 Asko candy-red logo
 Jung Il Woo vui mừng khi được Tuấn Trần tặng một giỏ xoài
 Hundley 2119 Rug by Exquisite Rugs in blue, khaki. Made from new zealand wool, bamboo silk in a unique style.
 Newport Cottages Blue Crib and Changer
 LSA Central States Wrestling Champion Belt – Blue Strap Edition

---

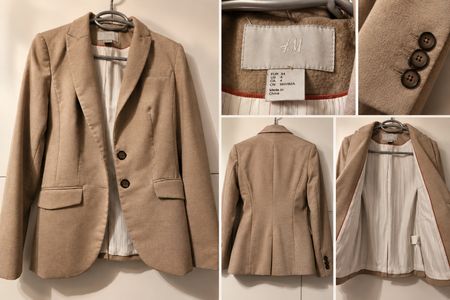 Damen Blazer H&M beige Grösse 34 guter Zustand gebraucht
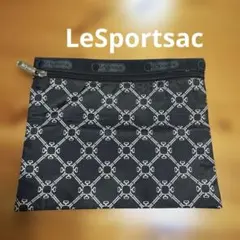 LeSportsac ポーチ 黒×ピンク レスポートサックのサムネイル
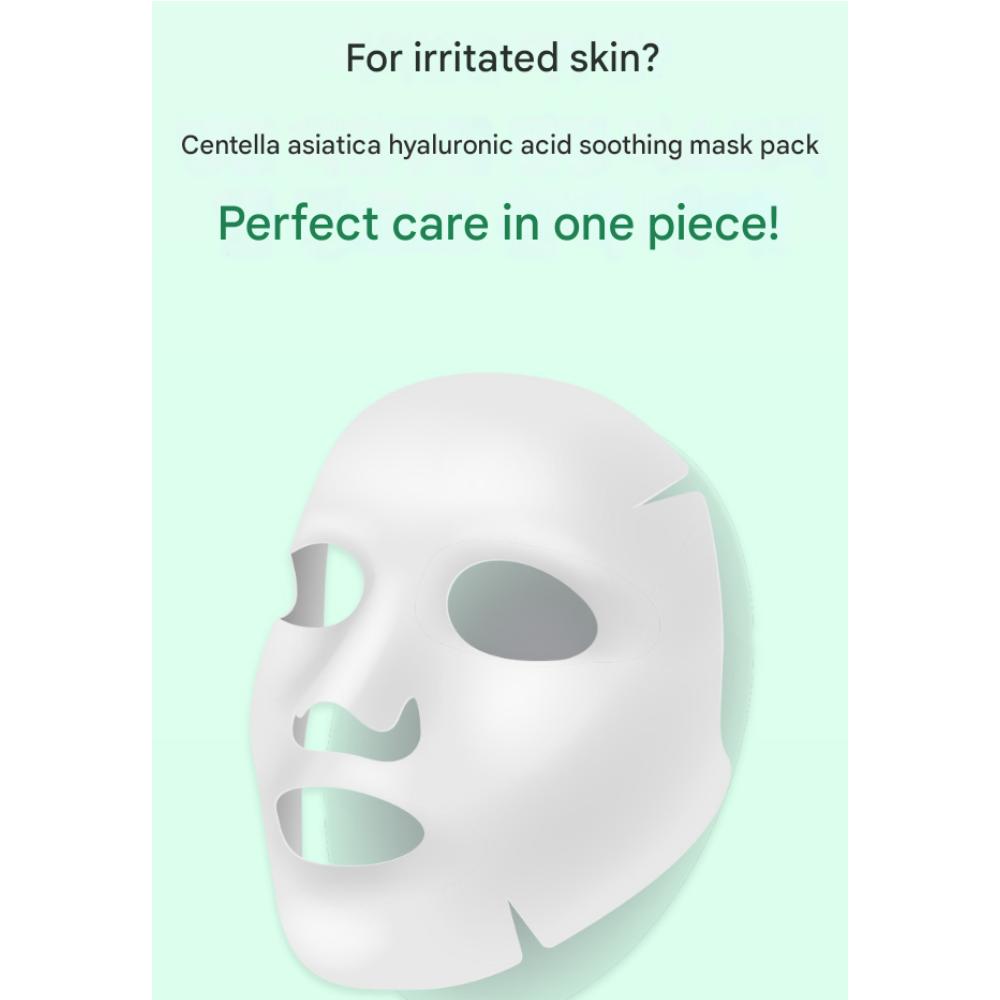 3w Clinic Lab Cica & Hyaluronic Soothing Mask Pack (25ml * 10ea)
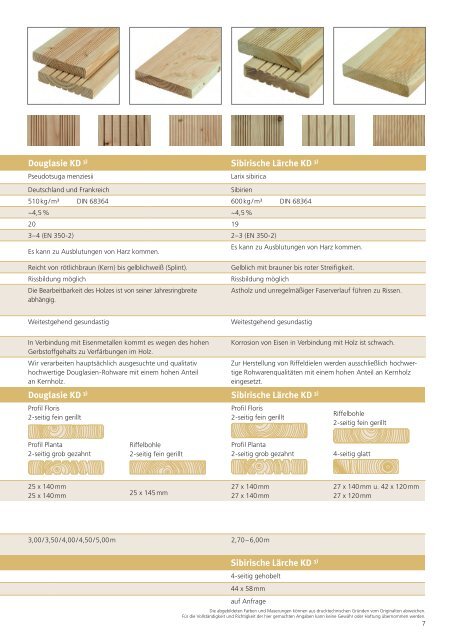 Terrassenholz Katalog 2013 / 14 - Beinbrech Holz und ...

...

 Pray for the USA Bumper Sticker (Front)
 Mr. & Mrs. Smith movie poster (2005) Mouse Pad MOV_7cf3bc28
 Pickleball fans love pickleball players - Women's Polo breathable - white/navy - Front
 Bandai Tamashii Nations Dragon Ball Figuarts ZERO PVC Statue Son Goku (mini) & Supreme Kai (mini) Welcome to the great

(Exercise objective): Whenever a line above contains "Front", copy that line.

(Written reply):
 Pray for the USA Bumper Sticker (Front)
 Pickleball fans love pickleball players - Women's Polo breathable - white/navy - Front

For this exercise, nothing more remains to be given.